Hillary Clinton Promises a ‘Very Contentious’ Campaign Against Donald Trump

3 minute read

Before Hillary Clinton took the stage in Sacramento on Sunday evening, drums were sounded furious and fast by percussionists from a local high school. Then Clinton, readying for war with a smile on her face, spelled out her plans for taking on Donald Trump in the 2016 election.

“We’re going to have a very contentious campaign because I am going to point out at every single moment that I can why the Republican nominee should never get near the White House,” Clinton said to cheers of several hundred supporters who waited in 100-degree heat before packing into a gymnasium at Sacramento City College.

Clinton accused Trump of running a campaign based on insults—against Mexican immigrants, Muslims, women and other constituencies, and quoted Abraham Lincoln: “A house divided against itself cannot stand.”

The speech, delivered in advance of the state’s Democratic primary on Tuesday, follows a cutting foreign policy speech on Thursday, in which Clinton portrayed Trump as inexperienced and lacking the temperament to be entrusted with the country’s nuclear codes. Those are themes she continued to hit on Sunday, amid reeling through policy agenda items that pleased the crowd, like promising to tackle climate change and pass gun control measures.

“I believe that Donald Trump is not qualified or temperamentally fit to be president,” she said.

Though Clinton had not technically clinched the delegates she needs to be the Democratic nominee, news broke during her speech on Sunday that she had beaten rival Bernie Sanders in the Puerto Rico primary, bringing her within a few dozen delegates of that horizon. With a double-digit lead in New Jersey, which also goes to the polls on Tuesday, Clinton is expected to be the nominee before polls close here, though losing the liberal bastion could sap her momentum and underscore anew the challenges she has faced exciting voters this year. Some polls have showed a tight race in California.
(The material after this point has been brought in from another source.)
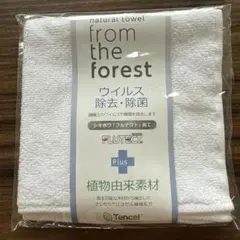 【新品】ミニタオル　ホワイト 匿名配送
Like Clinton, most of the surrogates who spoke before she took the stage avoided mentioning Sanders’ name. Sacramento Mayor Kevin Johnson summed up the apparent threat level by politely dismissing the Vermont Senator, saying he’s “doing a good job.”

Speakers instead doubled- and tripled-down on the theme that the “stakes could not be higher” in this campaign, describing it as a choice between a safe-and-trusted candidate who runs on diversity like a car on gasoline, and a divisive, unpredictable cannon who could jeopardize “the future of our country and the future of the world,” as a former ambassador said. California Gov. Jerry Brown’s chief of staff described Trump as “he who shall not be named,” to the crowd’s delight, joking that he liked the sound of his own name too much.

Many of the attendees were avid Clinton supporters, while some were Sanders fans who had come to believe that Clinton is the candidate they’ll need to rally behind. But those present shared a distaste for the Republican alternative. “Hillary has the most incredible experience,” said Margaret Munson, a resident of nearby Penn Valley, Calif. “And she is not a bigoted, arrogant, immature, misogynistic type of person.”

“It’s Hillary or bust,” said a Sanders fan and local college student, Jay Moslehi. “Trump’s going to ruin everything.”